I have been an educator for over 15 years and in this time, there are many unpalatable things I accepted every day about schools. School police, however, were only a part of my experience in public schools in Philadelphia. They weren’t in the public elementary school I taught in Fairfax County, VA, a progressive school in Los Angeles or international school in Cairo, Egypt. But here they were right at the front of a public school in Strawberry Mansion.


Here is the thing I want to say very plainly: children aren’t trusted in the United States and everything about schooling as we know it says this. The way they are “managed” in school, the curriculums that feed them answers to questions they haven’t asked and testing just to make sure they know what a group of researchers, test writers and educators believe they should know. These and many more things could be pointed out as ways we don’t trust young people but for a Black or Brown child in this nation, this lack of trust actually turns to fear, apathy and at worse, violence. The very fact that we place police officers in urban areas tells us this.


I wanted to write this article as a show of solidarity with the students and supporters at 215 People’s Alliance. I wanted to stand up as an adult who has stood in a building and watched an school police officer carry a child as young as 5 years old from a room to say this: any educational model that needs a police officer to “manage” children is not only broken but abusive and dangerous to the population it purports to serve. This dominator culture we live in is harming our children and every single one of us who stand idly by watching it happen are complacent and therefore guilty.


As a matter of my own self-preservation, I left these environments in search of more respectful and affirming methods and spaces. I have landed in a model that has deep, indigineos roots and a controversial space in American education: self-directed education. A model intentionally outside the school paradigm, young people at our center are registered as homeschoolers. Our work looks at education as an internal process that can happen anywhere and process as being valued above content. Meaning, it’s not about what you learn but how you learn. With that as a belief, we set out to leave space for young people to explore their own interests with adults (including parents and community members) as supportive, informed collaboratives and/or guides when invited.


Now what I have come to see as particularly important and I believe, helpful to illuminate in this moment, is that this work is done in direct opposition to a dominator model. We want to partner with young people and encourage their own development of partnership thinking. With this in mind, we have embraced tools of nonviolent communication, creative problem solving and most recently practices to support somatic trauma healing to support giving young people the internal tools needed to self-regulate. Rather than an adult punishing, managing or worse, policing youth, our intent is to facilitate practices that allow young people to identify their own needs and feelings, identify and understand the needs and feelings of others, and work collaboratively to find win-win solutions. The results of this work, when modeled and supported consistently at home and in our community is powerful for young people and their families.
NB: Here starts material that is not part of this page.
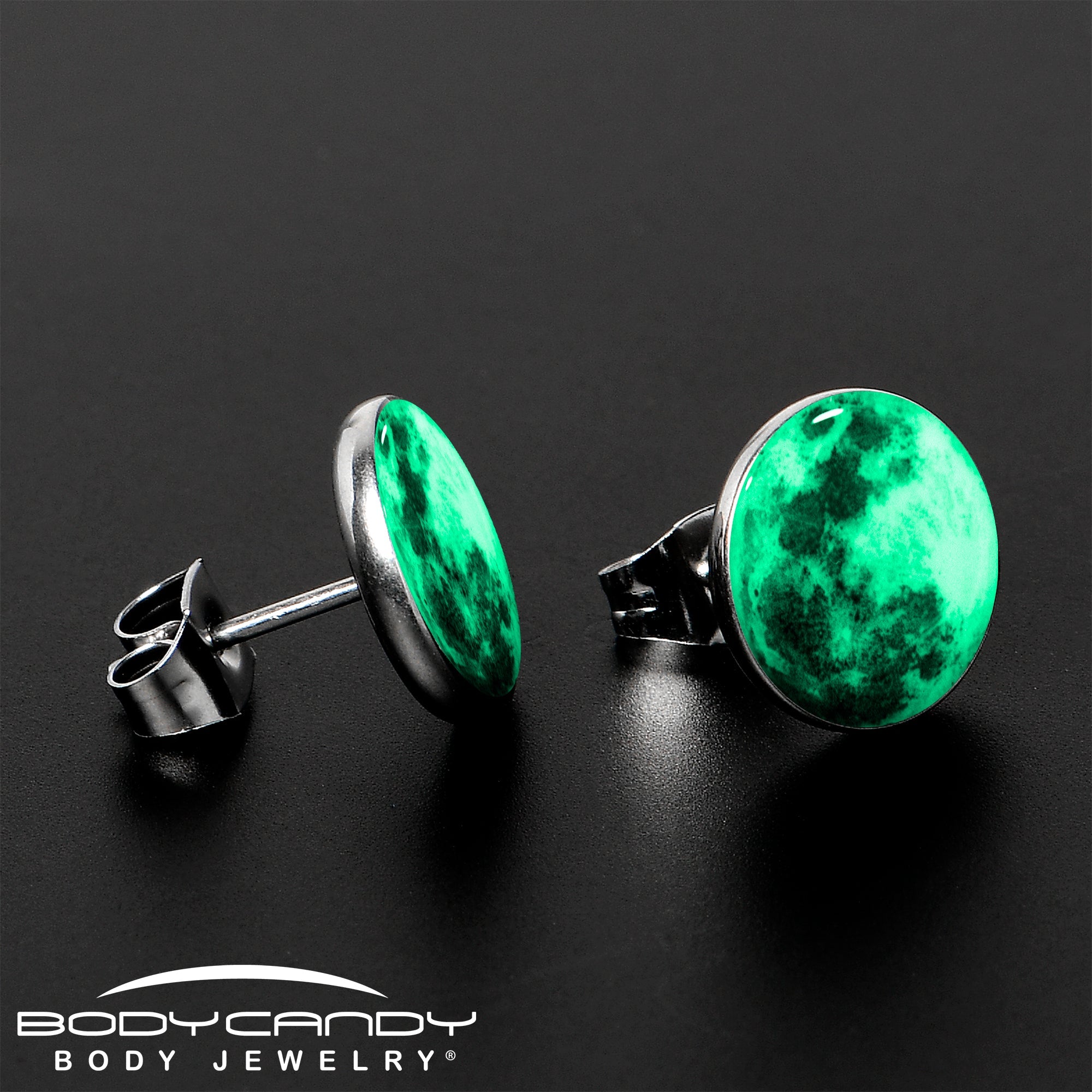 BodyCandy Moon Glow in the Dark Stud Earrings — alternative angle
We envision a world where people have learned to manage themselves and to listen with compassion to others. When I think back to my days of hiding an angry elementary school child in my room to just give them a break to relax and de-escalate, I realize how far away schools are from our vision. We stand by all young people in Philadelphia and we, too, demand new, more humane ways of being with young people. We assert that all young people deserve to be treated with respect and care. Listen to young people. Abolish school police. Let this be one step towards making the world we wish to see versus perpetuating what is obviously broken and harmful.